Contribuições da Justiça Restaurativa para a defesa dos direitos humanos  

24/06/2021

Coluna Defensoria Pública e Sistema de Justiça / Coordenadores Gina Bezerra, Jorge Bheron e Eduardo Januário

A Justiça Restaurativa tem sido associada a um conjunto ordenado e sistêmico de princípios, métodos e técnicas que visam “tratar” conflitos e prevenir a violência através de ações que almejam “fazer justiça por meio da reparação do dano causado pelo crime” (SICA, 2007, p. 10). Esta metodologia do cuidado tem sido largamente utilizada em ordenamentos jurídicos de tradição anglo-saxã, desde os idos dos anos 1960, no trato de conflitos familiares, escolares, de vizinhança, etc. e se remetem à responsabilização do agressor, na sua conscientização, bem como no seu acolhimento e acompanhamento.

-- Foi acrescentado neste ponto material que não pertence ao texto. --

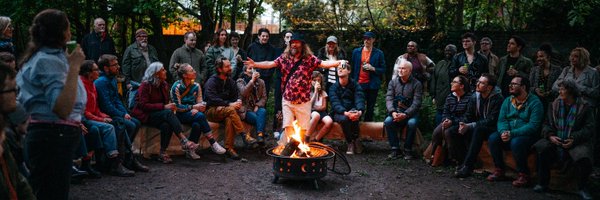 teatrovivo Profile Banner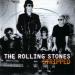 The Rollins Stones - Stripped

No Brasil, as primeiras experiências mais estruturadas datam de 2005[1] e seus resultados repercutiram como uma luz no fim do túnel para o desgastado modelo repressivo punitivo pátrio, cujas respostas demonstram-se deveras insuficientes para promover a pacificação social e a contenção do crime. Sua expansão ganhou impulso com o advento da Portaria nº 225/2016 do Conselho Nacional de Justiça (CNJ). No plano Global, também a ONU passou a estimular a sua adoção por meio de resoluções exaradas por alguns de seus órgãos[2].

Outrossim, a percepção geral em torno da justiça restaurativa ainda está impregnada por equívocos e incompreensões (recorrente a ideia de que se busca “apenas” o perdão das vítimas). Desse modo, a sua aplicação invariavelmente está adstrita a iniciativas para desafogar o Poder Judiciário, bem como para forjar narrativas de humanização do sistema de justiça e segurança.

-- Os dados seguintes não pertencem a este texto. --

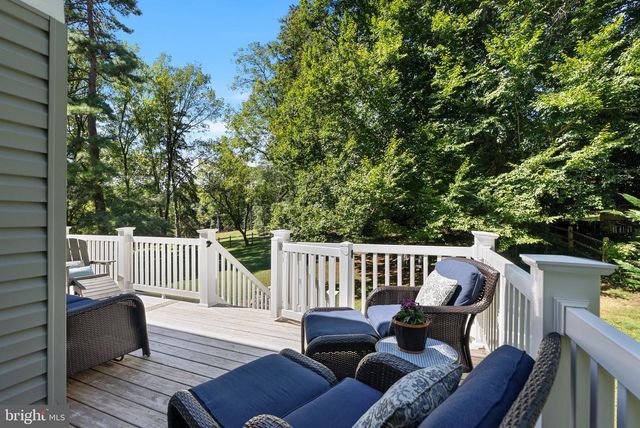 2H DUTTON AVE, Catonsville, MD 21228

Em que pese contribuir para a diminuição da recorrente judicialização de variados aspectos do convívio humano e promover direitos, a justiça restaurativa tem potencial para ir além, desde que se opere a apregoada “mudança de lentes” defendida por Howard Zehr[3] (2008) e que enseja o enfreamento das questões sociais que marcam a sociedade brasileira e estruturam desigualdades.

Este breve artigo versa sobre o debate em torno das práticas restaurativas e sua efetividade para a afirmação dos direitos humanos, esta sim, meta a ser perseguida por operadores do direito e áreas correlatas no trato dessa problemática.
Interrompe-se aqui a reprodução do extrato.